• _Input data_
::::
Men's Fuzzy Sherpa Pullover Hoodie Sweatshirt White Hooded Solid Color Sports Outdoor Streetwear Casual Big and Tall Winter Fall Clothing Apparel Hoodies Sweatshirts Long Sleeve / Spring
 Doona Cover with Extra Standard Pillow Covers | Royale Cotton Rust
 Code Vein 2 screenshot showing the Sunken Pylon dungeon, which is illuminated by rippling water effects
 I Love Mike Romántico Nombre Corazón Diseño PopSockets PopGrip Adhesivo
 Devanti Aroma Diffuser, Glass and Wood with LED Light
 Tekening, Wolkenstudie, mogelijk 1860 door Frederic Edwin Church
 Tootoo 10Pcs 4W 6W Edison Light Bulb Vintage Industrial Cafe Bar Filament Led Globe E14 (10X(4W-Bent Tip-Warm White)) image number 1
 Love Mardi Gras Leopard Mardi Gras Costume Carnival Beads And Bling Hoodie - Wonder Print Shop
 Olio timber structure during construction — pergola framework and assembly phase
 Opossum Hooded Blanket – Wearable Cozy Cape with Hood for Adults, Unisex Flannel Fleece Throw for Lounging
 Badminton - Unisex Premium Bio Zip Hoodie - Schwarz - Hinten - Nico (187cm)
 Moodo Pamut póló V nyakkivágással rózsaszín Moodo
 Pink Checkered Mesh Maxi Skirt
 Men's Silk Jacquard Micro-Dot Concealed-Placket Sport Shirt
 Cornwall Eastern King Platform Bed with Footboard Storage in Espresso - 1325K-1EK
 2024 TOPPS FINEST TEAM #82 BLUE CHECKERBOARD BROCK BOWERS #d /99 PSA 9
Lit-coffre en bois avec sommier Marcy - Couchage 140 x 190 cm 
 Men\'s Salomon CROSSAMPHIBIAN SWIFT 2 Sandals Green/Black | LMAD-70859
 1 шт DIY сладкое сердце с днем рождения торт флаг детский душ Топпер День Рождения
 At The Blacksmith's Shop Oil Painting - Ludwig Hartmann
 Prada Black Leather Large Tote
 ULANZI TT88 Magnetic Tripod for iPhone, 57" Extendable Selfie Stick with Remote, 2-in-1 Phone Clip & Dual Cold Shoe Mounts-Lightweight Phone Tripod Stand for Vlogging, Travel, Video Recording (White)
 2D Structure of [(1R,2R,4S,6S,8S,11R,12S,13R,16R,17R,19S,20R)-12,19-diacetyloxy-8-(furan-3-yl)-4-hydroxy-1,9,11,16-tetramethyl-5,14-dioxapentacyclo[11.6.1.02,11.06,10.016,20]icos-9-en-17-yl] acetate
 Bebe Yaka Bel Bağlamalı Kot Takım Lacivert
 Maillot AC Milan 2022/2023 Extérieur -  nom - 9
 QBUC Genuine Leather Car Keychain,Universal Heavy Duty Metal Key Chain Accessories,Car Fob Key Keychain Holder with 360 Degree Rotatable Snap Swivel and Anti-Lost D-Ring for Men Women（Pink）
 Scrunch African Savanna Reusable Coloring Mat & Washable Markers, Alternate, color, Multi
::::
• _What to work on_
Out of the data above, give again only the lines starting at the one holding "Devanti Aroma Diffuser, Glass" and ending at the one holding "Tootoo 10Pcs 4W", unchanged.

• _Output below_
 Devanti Aroma Diffuser, Glass and Wood with LED Light
 Tekening, Wolkenstudie, mogelijk 1860 door Frederic Edwin Church
 Tootoo 10Pcs 4W 6W Edison Light Bulb Vintage Industrial Cafe Bar Filament Led Globe E14 (10X(4W-Bent Tip-Warm White)) image number 1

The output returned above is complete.